Supplied information:
_ _ _
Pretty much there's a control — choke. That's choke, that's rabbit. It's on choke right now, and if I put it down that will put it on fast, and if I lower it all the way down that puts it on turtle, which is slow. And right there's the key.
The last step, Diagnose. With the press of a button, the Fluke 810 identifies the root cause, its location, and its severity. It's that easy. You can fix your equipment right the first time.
_ _ _
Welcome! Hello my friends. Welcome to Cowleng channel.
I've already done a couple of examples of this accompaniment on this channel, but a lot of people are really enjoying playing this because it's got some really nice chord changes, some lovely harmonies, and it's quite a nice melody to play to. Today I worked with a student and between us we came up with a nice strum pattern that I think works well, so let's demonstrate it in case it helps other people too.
_ _ _
Task to carry out: Reproduce exactly the entries above, limited to the lines from the one with "Welcome! Hello my" through the one with "I've already done", both included.

Task result:
Welcome! Hello my friends. Welcome to Cowleng channel.
I've already done a couple of examples of this accompaniment on this channel, but a lot of people are really enjoying playing this because it's got some really nice chord changes, some lovely harmonies, and it's quite a nice melody to play to. Today I worked with a student and between us we came up with a nice strum pattern that I think works well, so let's demonstrate it in case it helps other people too.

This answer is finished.